In what looks like a promotional video for GB21, Dabas is seen announcing plans to spend millions of dollars in advertising GB21 across international airports and cities. “We will spend Rs 1,000 crore on marketing… Today to improve the value of a cryptocurrency, you only need to increase its presence so that more people know about it. For that, we will increase its publicity. Within January (2018) we will put up our hoardings at most big international airports…also in media and events we will promote MCAP,” he is seen saying.

Shahoo, the Nanded investor, says he’s been told by a top-level GainBitcoin investor that the company plans to promote the MCAP token and GB21 plans at new places where there has so far been no awareness about GainBitcoin. This, the company believes, will bring in new demand for MCAP tokens and raise its price. When that happens, goes the pitch, Indian investors holding MCAP tokens will be able to reap the benefits.

With Amit Bhardwaj operating out of Dubai and cryptocurrency markets still bullish despite the current meltdown, selling to international investors may be easier.

But GainBitcoin investors aren’t giving up.

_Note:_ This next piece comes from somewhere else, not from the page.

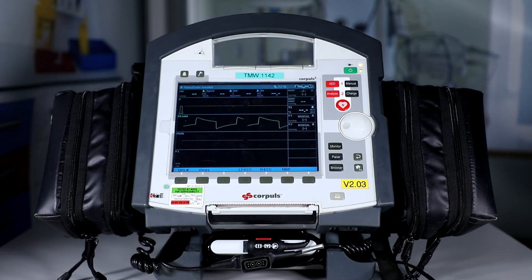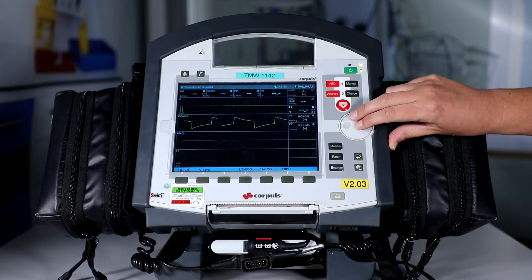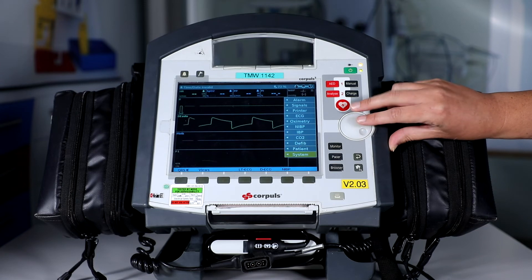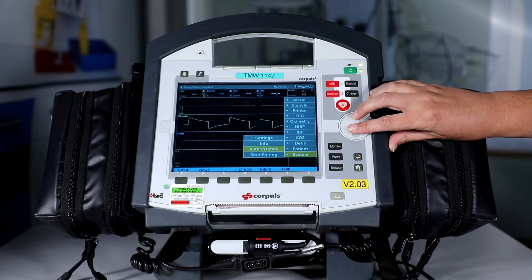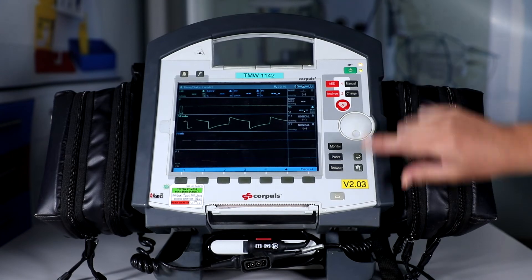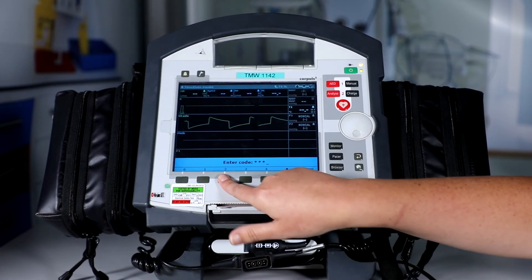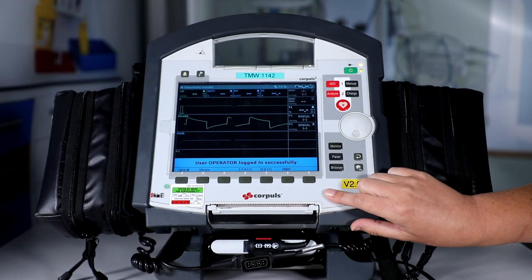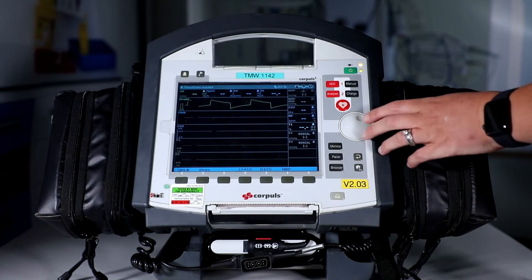The first thing we're going to cover in this Corporal function lesson is reconfiguring a view. This would be useful if the views that are set up are not what you need for your required patient. The first thing we do is go in and make ourselves an authorised user — scroll down onto the menu button, go into system with the jog dial, and go into authorisation. Put in the code 2222, and we can now see that we have been logged on.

Gagan Joshi, a Dubai businessman who invested in GainBitcoin in December 2016, plans to alert international customers about Bhardwaj’s activities and plans. “I’m in the process of getting Polish, Russian, Indonesian and Vietnamese speakers to make videos about GainBitcoin and Amit Bhardwaj so that they will also be aware of his schemes and activities,” he adds.

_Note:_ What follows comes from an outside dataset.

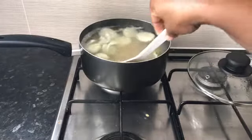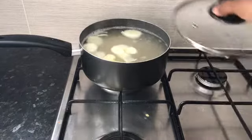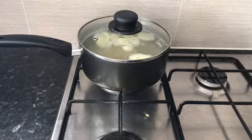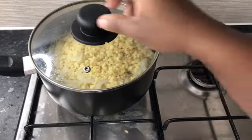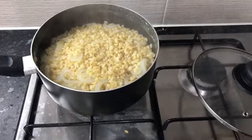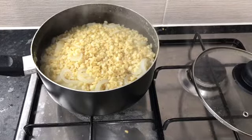I'm just going to mix everything together so that the salt is equally and uniformly distributed. Then I'll cover the pot and allow it to cook. This is after about 10 minutes, cooked on low heat.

Bengaluru-based cybersecurity and cyberlaw expert Na Vijayashankar feels that such scams hinge on investor greed. “Also, the fact that there is no regulation and legality over Bitcoin in India makes it easier for such Ponzi schemes to operate without any repercussion as victims can’t make proper complaints with authorities,” says Vijayashankar, who compares the situation to the reluctance of a black money investor to approach the police on a deal gone wrong.


               

[Update: The typo in the first line has been corrected from 2019 to 2017]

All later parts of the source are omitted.